What the task asks:
Precisely the lines from the one with "Лада (ВАЗ) Веста" through the end of the data, both included, must make up the response, each restated word for word.

Dataset entries Block Start

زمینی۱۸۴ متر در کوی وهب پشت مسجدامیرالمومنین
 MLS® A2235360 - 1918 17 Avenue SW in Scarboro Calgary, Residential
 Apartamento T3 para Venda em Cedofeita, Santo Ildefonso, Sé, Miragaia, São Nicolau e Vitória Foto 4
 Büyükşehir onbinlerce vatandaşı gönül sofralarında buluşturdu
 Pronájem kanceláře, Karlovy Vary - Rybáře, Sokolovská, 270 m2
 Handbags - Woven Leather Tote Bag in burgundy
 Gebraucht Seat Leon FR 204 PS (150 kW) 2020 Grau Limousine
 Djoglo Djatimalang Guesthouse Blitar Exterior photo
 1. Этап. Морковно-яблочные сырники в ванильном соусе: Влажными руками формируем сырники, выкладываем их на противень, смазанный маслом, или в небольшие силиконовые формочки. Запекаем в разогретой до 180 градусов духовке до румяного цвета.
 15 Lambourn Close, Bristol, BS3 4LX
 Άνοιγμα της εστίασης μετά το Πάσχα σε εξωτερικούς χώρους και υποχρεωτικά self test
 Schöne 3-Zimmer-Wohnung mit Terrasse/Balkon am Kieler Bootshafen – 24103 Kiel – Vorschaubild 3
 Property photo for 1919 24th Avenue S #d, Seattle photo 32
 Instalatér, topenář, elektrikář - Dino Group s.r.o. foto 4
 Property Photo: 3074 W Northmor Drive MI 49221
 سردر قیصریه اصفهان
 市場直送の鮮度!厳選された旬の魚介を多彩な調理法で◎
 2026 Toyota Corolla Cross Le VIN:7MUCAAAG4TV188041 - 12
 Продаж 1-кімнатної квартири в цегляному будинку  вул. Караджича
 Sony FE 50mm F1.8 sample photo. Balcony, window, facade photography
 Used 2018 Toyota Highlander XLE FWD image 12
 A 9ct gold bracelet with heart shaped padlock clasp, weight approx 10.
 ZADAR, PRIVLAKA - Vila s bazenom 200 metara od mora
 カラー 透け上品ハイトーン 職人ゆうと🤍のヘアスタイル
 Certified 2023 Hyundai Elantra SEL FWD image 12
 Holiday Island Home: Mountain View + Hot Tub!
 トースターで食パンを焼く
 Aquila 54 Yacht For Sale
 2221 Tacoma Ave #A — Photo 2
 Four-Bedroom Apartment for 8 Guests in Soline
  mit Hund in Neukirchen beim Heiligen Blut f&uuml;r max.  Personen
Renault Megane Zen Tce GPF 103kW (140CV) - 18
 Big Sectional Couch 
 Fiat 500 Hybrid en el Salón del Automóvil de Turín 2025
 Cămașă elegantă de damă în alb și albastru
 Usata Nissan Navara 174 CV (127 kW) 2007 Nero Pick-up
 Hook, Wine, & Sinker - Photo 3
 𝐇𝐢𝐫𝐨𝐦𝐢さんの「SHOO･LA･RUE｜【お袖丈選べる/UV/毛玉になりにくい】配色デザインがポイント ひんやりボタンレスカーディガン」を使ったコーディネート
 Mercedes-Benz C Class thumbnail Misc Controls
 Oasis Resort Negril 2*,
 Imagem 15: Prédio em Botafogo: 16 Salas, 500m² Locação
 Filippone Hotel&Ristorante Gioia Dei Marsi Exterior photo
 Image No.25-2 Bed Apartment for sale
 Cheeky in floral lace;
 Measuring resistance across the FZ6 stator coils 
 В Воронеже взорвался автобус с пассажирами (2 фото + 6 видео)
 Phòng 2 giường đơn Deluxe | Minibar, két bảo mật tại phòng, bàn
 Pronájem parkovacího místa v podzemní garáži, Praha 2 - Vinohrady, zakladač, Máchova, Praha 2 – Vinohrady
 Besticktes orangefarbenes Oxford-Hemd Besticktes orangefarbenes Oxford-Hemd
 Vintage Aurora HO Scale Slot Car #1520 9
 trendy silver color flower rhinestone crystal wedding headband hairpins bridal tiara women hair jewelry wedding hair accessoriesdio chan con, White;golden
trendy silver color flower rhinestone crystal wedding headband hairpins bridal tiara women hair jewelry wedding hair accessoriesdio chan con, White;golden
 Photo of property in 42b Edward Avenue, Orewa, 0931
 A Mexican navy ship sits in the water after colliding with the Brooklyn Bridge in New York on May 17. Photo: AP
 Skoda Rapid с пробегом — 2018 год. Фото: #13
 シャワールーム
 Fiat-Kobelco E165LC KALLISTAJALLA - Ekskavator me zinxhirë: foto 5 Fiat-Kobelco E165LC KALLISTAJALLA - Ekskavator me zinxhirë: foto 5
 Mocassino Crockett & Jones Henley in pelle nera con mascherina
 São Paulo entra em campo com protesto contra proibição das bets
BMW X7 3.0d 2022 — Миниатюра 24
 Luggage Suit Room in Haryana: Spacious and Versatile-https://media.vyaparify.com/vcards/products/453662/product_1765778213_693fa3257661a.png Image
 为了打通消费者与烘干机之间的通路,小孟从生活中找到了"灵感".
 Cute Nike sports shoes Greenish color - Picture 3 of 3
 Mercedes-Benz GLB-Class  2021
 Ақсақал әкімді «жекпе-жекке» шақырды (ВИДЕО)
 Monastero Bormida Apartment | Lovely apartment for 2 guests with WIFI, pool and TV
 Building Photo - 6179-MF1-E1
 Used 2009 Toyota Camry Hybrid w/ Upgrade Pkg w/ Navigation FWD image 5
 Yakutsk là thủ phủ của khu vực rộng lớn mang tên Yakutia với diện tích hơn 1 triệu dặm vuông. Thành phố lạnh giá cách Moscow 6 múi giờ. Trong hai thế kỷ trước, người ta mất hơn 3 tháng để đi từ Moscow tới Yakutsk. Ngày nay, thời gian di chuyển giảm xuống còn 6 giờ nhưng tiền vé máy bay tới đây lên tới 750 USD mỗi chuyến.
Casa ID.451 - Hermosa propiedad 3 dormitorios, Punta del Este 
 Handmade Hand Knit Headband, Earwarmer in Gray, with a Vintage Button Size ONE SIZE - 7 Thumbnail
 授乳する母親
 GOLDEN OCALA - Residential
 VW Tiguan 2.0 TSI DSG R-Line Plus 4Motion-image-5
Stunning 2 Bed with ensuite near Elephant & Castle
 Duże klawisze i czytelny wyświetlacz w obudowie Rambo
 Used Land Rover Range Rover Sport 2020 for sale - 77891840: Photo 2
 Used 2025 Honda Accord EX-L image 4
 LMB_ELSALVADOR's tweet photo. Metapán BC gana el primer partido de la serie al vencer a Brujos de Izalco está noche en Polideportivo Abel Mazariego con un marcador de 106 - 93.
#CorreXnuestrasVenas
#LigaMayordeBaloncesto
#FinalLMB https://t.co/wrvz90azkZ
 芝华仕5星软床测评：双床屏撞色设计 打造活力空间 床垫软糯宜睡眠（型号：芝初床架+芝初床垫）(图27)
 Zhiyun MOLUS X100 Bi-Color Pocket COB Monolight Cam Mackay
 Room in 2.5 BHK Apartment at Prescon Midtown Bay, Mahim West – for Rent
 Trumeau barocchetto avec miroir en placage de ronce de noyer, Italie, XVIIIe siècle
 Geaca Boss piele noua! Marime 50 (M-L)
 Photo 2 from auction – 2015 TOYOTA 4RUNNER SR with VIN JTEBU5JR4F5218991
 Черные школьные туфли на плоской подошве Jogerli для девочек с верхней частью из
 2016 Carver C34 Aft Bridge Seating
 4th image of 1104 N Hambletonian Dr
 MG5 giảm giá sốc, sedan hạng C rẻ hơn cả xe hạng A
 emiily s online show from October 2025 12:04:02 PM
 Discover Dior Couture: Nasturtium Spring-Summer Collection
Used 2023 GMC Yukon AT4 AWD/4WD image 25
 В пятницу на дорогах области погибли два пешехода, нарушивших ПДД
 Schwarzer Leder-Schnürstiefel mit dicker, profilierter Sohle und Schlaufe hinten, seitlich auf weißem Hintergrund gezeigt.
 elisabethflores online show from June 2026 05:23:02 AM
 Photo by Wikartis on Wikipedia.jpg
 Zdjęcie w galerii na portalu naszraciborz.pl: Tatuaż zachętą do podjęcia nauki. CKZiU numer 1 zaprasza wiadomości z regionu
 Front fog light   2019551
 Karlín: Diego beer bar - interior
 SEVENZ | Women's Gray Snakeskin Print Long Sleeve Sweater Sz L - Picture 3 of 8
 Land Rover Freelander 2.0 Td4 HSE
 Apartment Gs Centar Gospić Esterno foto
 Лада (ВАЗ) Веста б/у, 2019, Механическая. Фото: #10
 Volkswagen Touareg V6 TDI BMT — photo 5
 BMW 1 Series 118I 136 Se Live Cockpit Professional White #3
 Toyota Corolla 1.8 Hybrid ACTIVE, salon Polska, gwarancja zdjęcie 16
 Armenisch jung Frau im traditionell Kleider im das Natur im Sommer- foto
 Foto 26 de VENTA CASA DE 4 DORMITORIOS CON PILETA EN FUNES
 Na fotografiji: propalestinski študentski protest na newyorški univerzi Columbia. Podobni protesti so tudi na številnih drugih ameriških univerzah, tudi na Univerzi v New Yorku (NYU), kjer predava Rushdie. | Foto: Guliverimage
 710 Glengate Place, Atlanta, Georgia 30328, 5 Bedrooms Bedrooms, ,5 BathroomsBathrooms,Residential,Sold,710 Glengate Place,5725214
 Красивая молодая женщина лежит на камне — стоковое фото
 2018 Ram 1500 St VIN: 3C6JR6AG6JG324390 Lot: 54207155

Dataset entries Block End

Output:
 Лада (ВАЗ) Веста б/у, 2019, Механическая. Фото: #10
 Volkswagen Touareg V6 TDI BMT — photo 5
 BMW 1 Series 118I 136 Se Live Cockpit Professional White #3
 Toyota Corolla 1.8 Hybrid ACTIVE, salon Polska, gwarancja zdjęcie 16
 Armenisch jung Frau im traditionell Kleider im das Natur im Sommer- foto
 Foto 26 de VENTA CASA DE 4 DORMITORIOS CON PILETA EN FUNES
 Na fotografiji: propalestinski študentski protest na newyorški univerzi Columbia. Podobni protesti so tudi na številnih drugih ameriških univerzah, tudi na Univerzi v New Yorku (NYU), kjer predava Rushdie. | Foto: Guliverimage
 710 Glengate Place, Atlanta, Georgia 30328, 5 Bedrooms Bedrooms, ,5 BathroomsBathrooms,Residential,Sold,710 Glengate Place,5725214
 Красивая молодая женщина лежит на камне — стоковое фото
 2018 Ram 1500 St VIN: 3C6JR6AG6JG324390 Lot: 54207155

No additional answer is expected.